3. Blood on your head: Unsaid by the paper is the fact that Likud would bleed right-wing support if it even entertained the idea of a unity government with Blue and White before the election.

  • Also helping it bleed right-wing support, according to the Israel Hayom poll at least, would be a united right-wing list headed by Ayelet Shaked, which it claims would win 16 seats, and drop Likud down to a paltry 25. The same list headed by Peretz, according to the poll, would win nine seats, and leave Likud at a comfortable 30. In both scenarios, the bloc is short of a government without Liberman.
  • According to polls by Channels 11 and 12, the joint right-wing list led by Shaked would not hurt Likud by nearly that much.

4. Just get together already: Netanyahu is said to be pushing for Peretz to head the list, but it seems the people may not be behind him.

  • Arik Blumberg writes in Israel National News that despite lingering unhappiness at Shaked over her failed New Right gambit in the last elections, it’s the size that matters at the end of the day.
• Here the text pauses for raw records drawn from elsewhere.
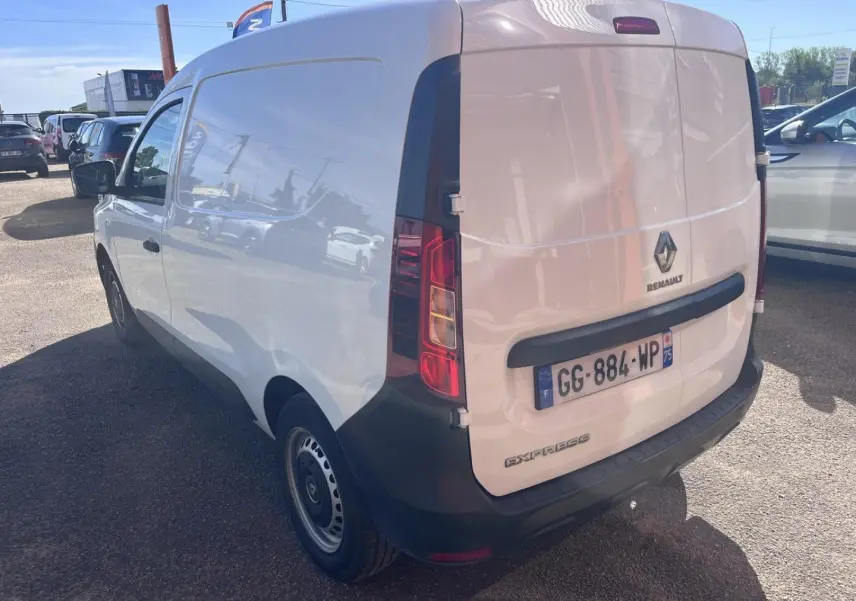 Vue 3/4 arrière droite du Renault Express Van blanc Glacier avec porte latérale coulissante et enjoliveurs noirs.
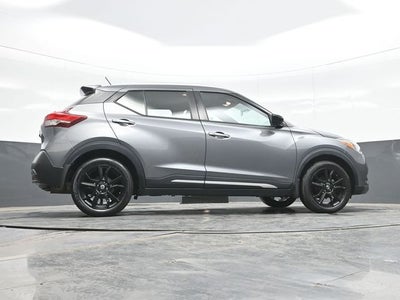 2019 Nissan Kicks SR
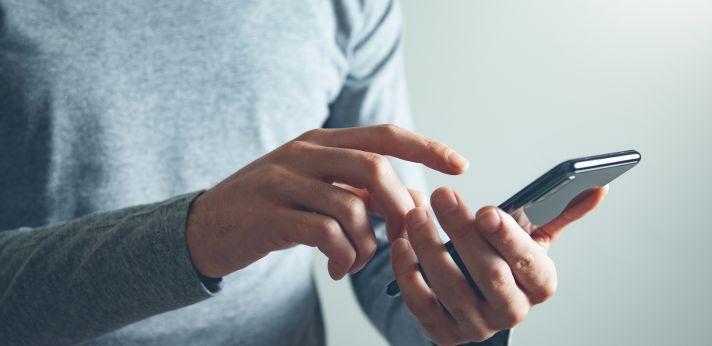 どうしても仕事に行きたくない…休むときの方法は?の画像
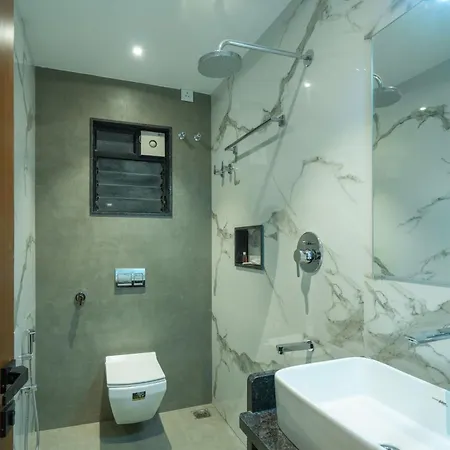 J Square Inn Coimbatore Exterior photo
The polls show she can lead a united right-wing list to more seats “and turn the united party into a significant and leading actor in the coalition alongside Likud.”
  • Even URWP No. 2 Bezalel Smotrich is pushing for unity, denying a report by Kan’s Zeev Kam that the prime minister offered the party a sweetheart deal to reject Shaked and bring in extremist party Otzma Yehudit.
  • “There’s no chance we won’t run with the New Right. That would be an irresponsible danger for the country and I am convinced that Netanyahu and our partners in Jewish Home understand that. I also believe New Right does.”
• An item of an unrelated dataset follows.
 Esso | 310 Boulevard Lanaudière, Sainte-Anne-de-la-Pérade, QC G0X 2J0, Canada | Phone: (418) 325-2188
5. Be like Bernie: In Makor Rishon, Ariel Schnabel makes a case for right-wing unity by citing a totally unrelated example: “If Bernie Sanders can run in the same party as Joe Biden — though the two agree about almost nothing — then Rafi Peretz can sit together with Naftali Bennett.”

  • On the other side of the political spectrum, Noa Landau raises the exact same point (with the exact same figures, plus Alexandria Ocasio-Cortez) to make the case for unity on the left in Haaretz: “True, it’s not the same political system, but they prove it is possible to benefit from the power of a united camp together with the internal tension that shapes its image.”

6. Pressure on (another) Peretz: Others are also pressuring Labor head Amir Peretz and his partner Orly Levy-Abekasis to join up with the Democratic Camp as well.

  • “The left can’t afford to lose votes in the critical battle it is waging to prevent Israeli democracy from disappearing,” Haaretz’s lead editorial reads. “Peretz and Levi-Abekasis must recognize the urgency of the moment and join the rearguard battle for Israeli democracy.”
  • Peretz has insisted he will do no such thing. In ToI, Biranit Goren goes against the grain and says maybe there is reason to keep the parties separate. “While the new party makes Labor redundant on the left, it does not make it redundant as a social democratic party. Peretz, along with Levy-Abekasis, will now focus on distinguishing the party from Blue and White and the Democratic Camp, and filling the social slot that is sorely missing right now on the Israeli political map.”

7. How bad are things in Labor though? According to Ynet, members of the party turned to Avi Gabbay, who was the latest of a long line of leaders seen as having failed the party, to rescue it from Peretz.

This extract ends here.